ASSIGNMENT. Under this line are records; the part from the line containing "Extra Large Flat Washers size chart" through the line containing "Randy Faires" should be repeated exactly. Please exclude pictures.

EXERCISE MATERIALS.
# # #

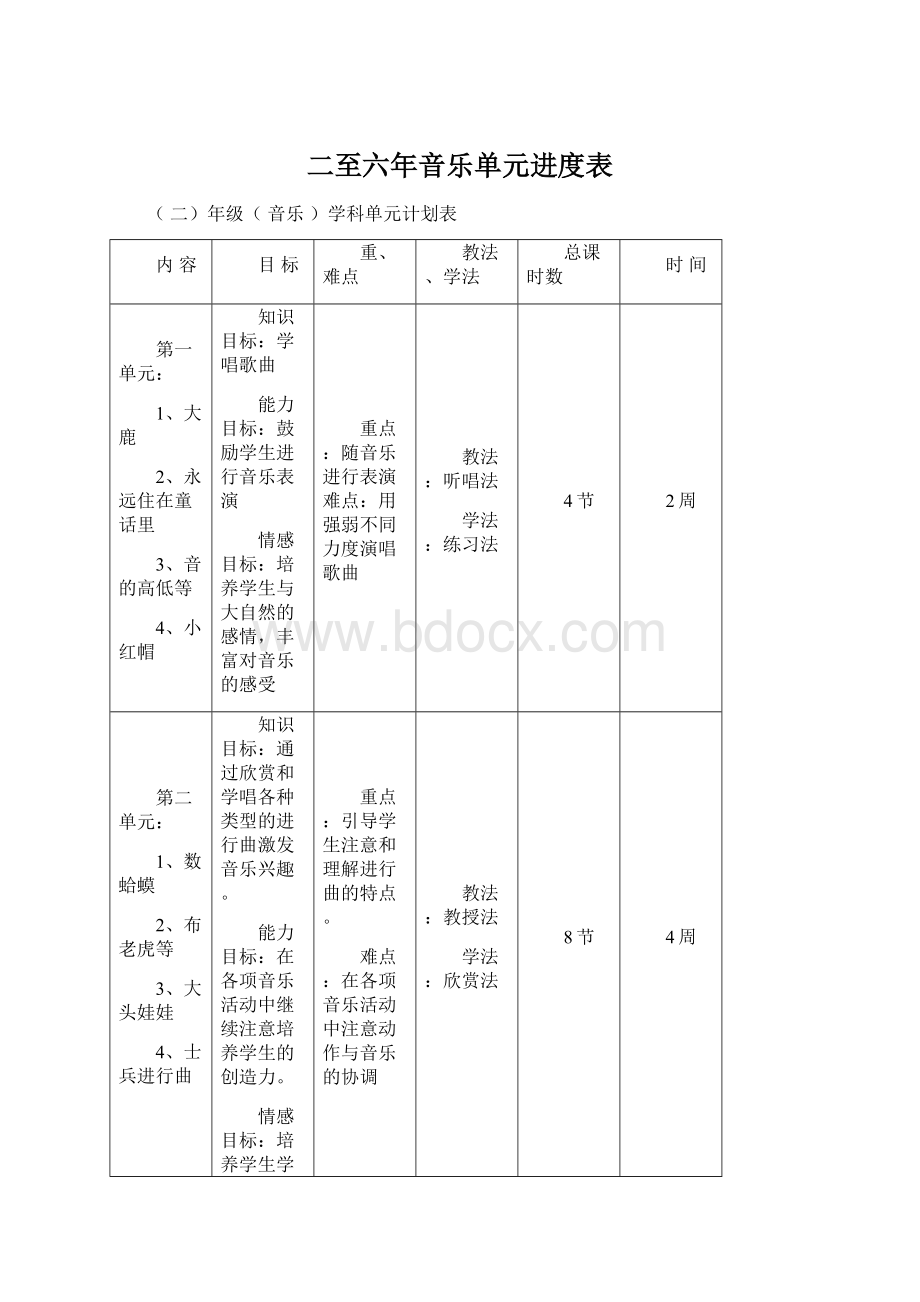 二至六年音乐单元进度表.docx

# # #

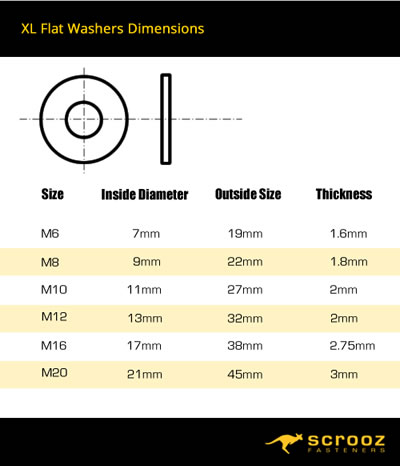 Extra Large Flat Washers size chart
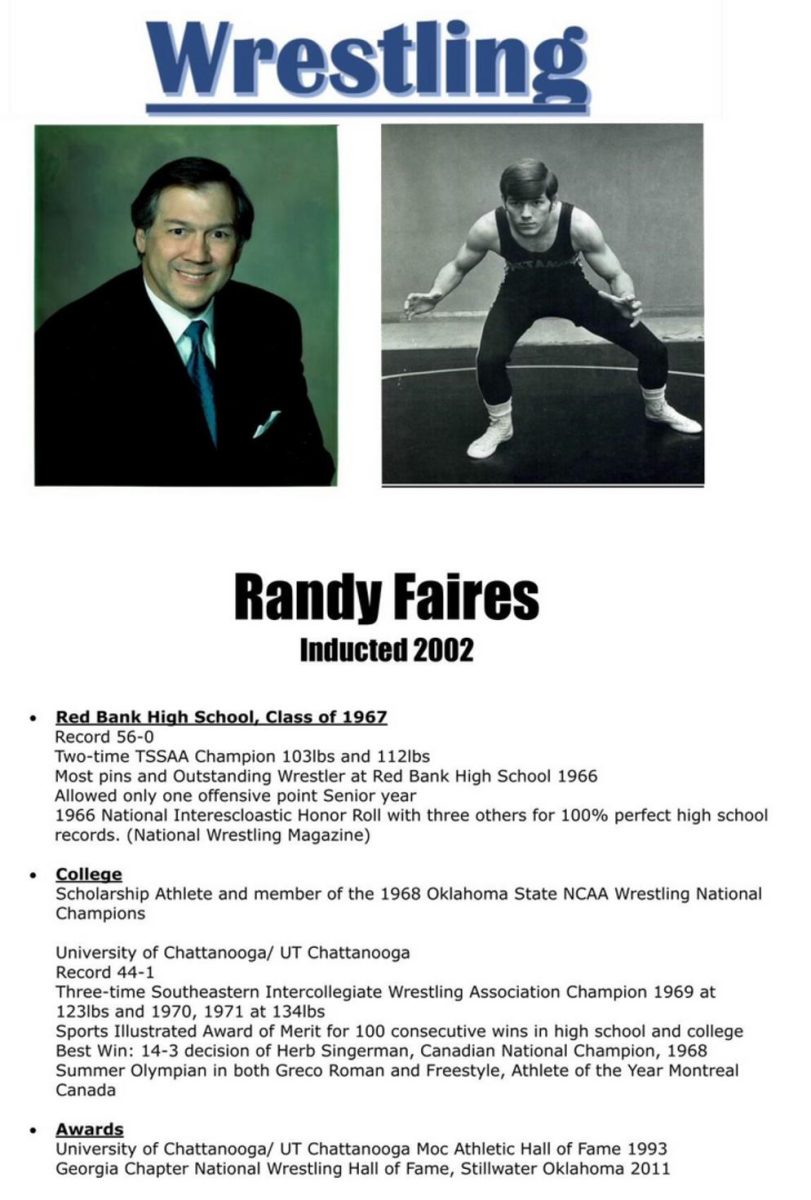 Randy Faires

# # #

RESULT OF THE EXERCISE.
 Extra Large Flat Washers size chart
 Randy Faires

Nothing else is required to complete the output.